In meno di una settimana si sono registrati purtroppo ben tre annegamenti in Ticino. Gli ultimi due avvenuti ieri: uno nelle acque del Verbano e uno nel Ceresio. A commentare i fatti Rinaldo Kümin, capo-operativo della Società Svizzera di Salvataggio della sezione di Lugano che si dice preoccupato. “Ci ha lasciati di stucco”, afferma.
Sono situazioni diverse tra di loro, ma come si possono spiegare?
“Per quanto concerne gli annegamenti del lago attualmente non si sa se sono avvenuti per un malore, per incapacità di nuovo o per la non conoscenza dei luoghi. Alla foce c’è un grande problema: è un luogo che può cambiare la morfologia in poco tempo, soprattutto quando ci sono i temporali e le spiaggette possono sparire. Il pericolo per chi entra in acqua è proprio questo, chi entra in acqua spesso pensa che si tocca per molto tempo ma in realtà, spesso, non è così”.
Alla Foce si può fare qualcosa in più a livello di prevenzione?
“Fare qualcosa in più è difficile, ci sono dei cartelli indicatori fatti apposta. Ci sono le 6 regole della Società svizzera di salvataggio e sono tradotte in 13 lingue. Noi facciamo una campagna quando siamo di picchetto e facciamo un giro nel Parco Ciani distribuendo dei flyer stampati per la campagna ‘acque sicure’. Più di così sinceramente per noi non è possibile fare altro”.
La società di salvataggio è formata da volontari. È giusto?
“Certamente, la nostra come tutte le altre sezioni è composta da volontari. Non c’è la presenza costante in sede, da giugno a fine agosto il fine settimana c’è il picchetto ma durante la settimana siamo H24 di picchetto ma tramite l’allarme del 144 e quindi chi fa parte del gruppo di pronto intervento riceve l’allarme del telefono e deve recarsi in sede. Per questo l’intervento non può essere fatto in pochi minuti”.

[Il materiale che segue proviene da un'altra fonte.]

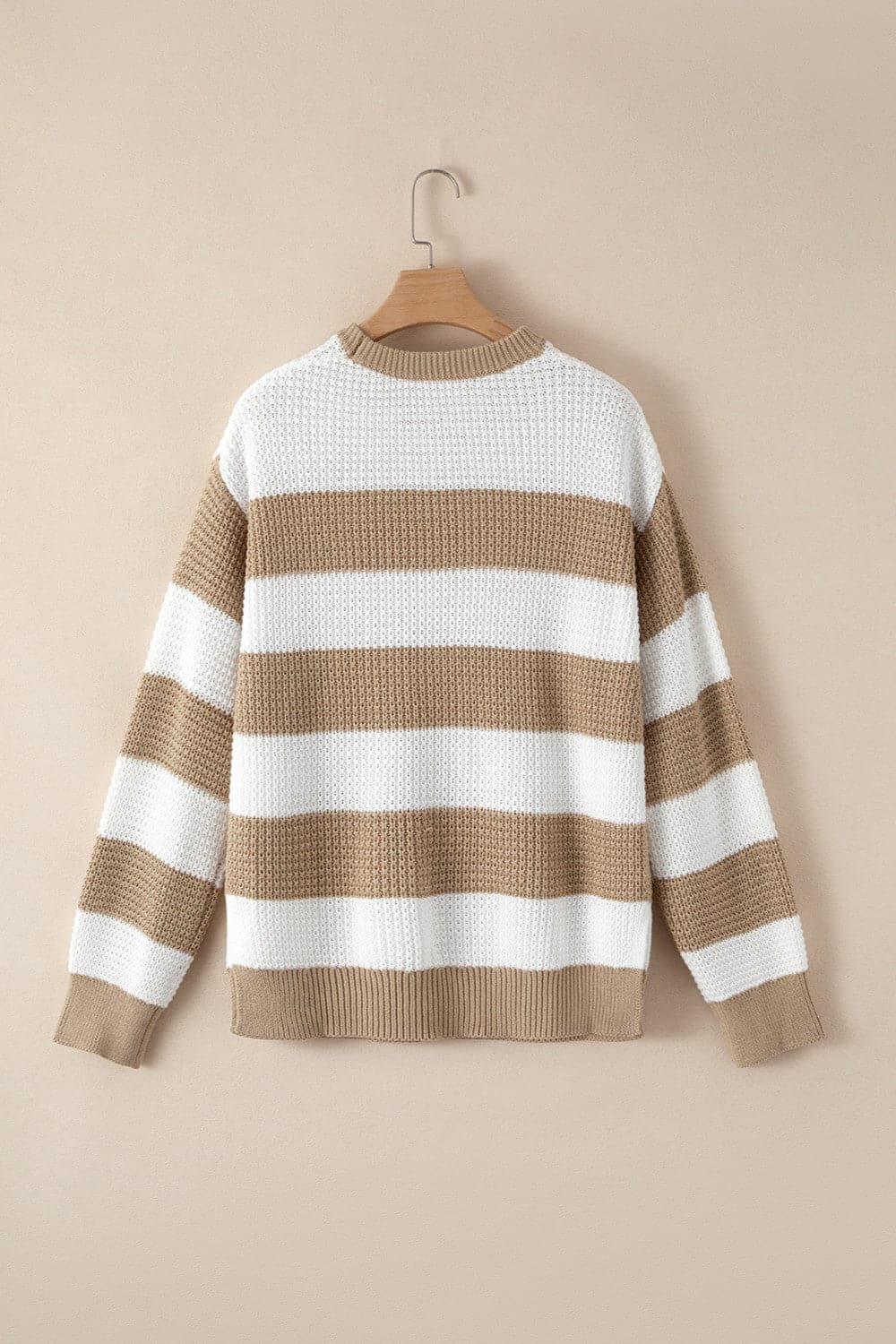 Color Block Round Neck Sweater.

Particolarmente tragico sembra l’incidente di ieri alla Foce. Stando alle prime ricostruzioni il padre si sarebbe gettato in acqua cercando di salvare il figlio ma poi è annegato. È una scena difficile da assistere.

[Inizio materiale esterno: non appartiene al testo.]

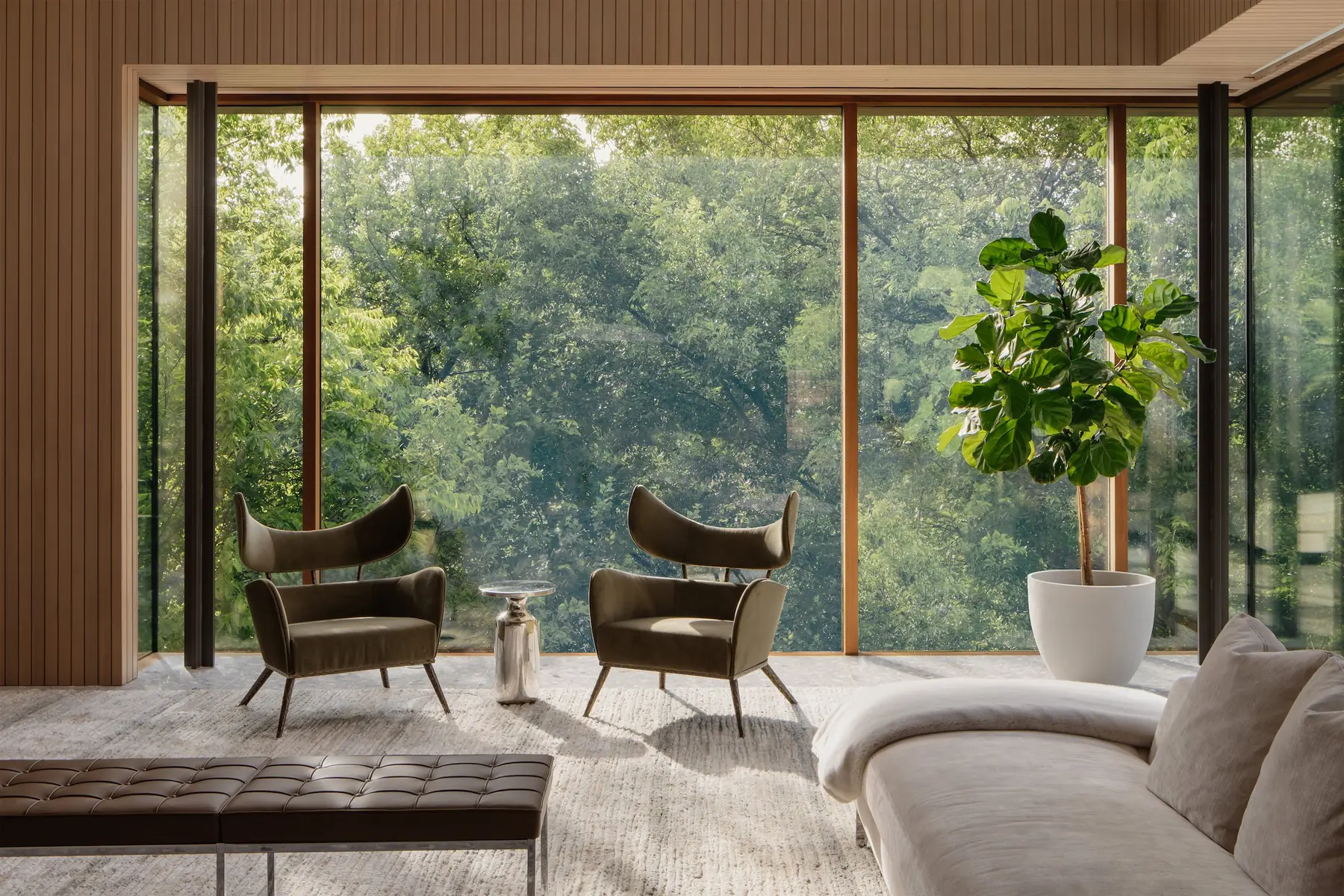 Interior living, Greenbelt Residence by Risinger Build, Austin, TX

“È una storia molto triste. Non è chiaro se fosse il figlio o un altro bambino in difficoltà. È una situazione che a noi tocca, è stato drammatico anche avere lì tutta la famiglia. Abbiamo trovato il corpo molto rapidamente e lo abbiamo portato subito a riva, i soccorritori hanno subito tentato le rianimazioni, con purtroppo l’esito negativo”.
Spesso in questi casi non si legge di ticinesi ma di stranieri. Cosa succede?
“Penso che sia un problema. La prima cosa da fare è rispettare le sei regole. Non conoscere il luogo è sicuramente pericoloso e non bisogna mai abbandonare i bambini. Questa è una cosa che spesso accade perché i genitori sono distratti. Nel periodo della pandemia è aumentata notevolmente la presenza di persone nel lago e questo aumenta anche di più il rischio”.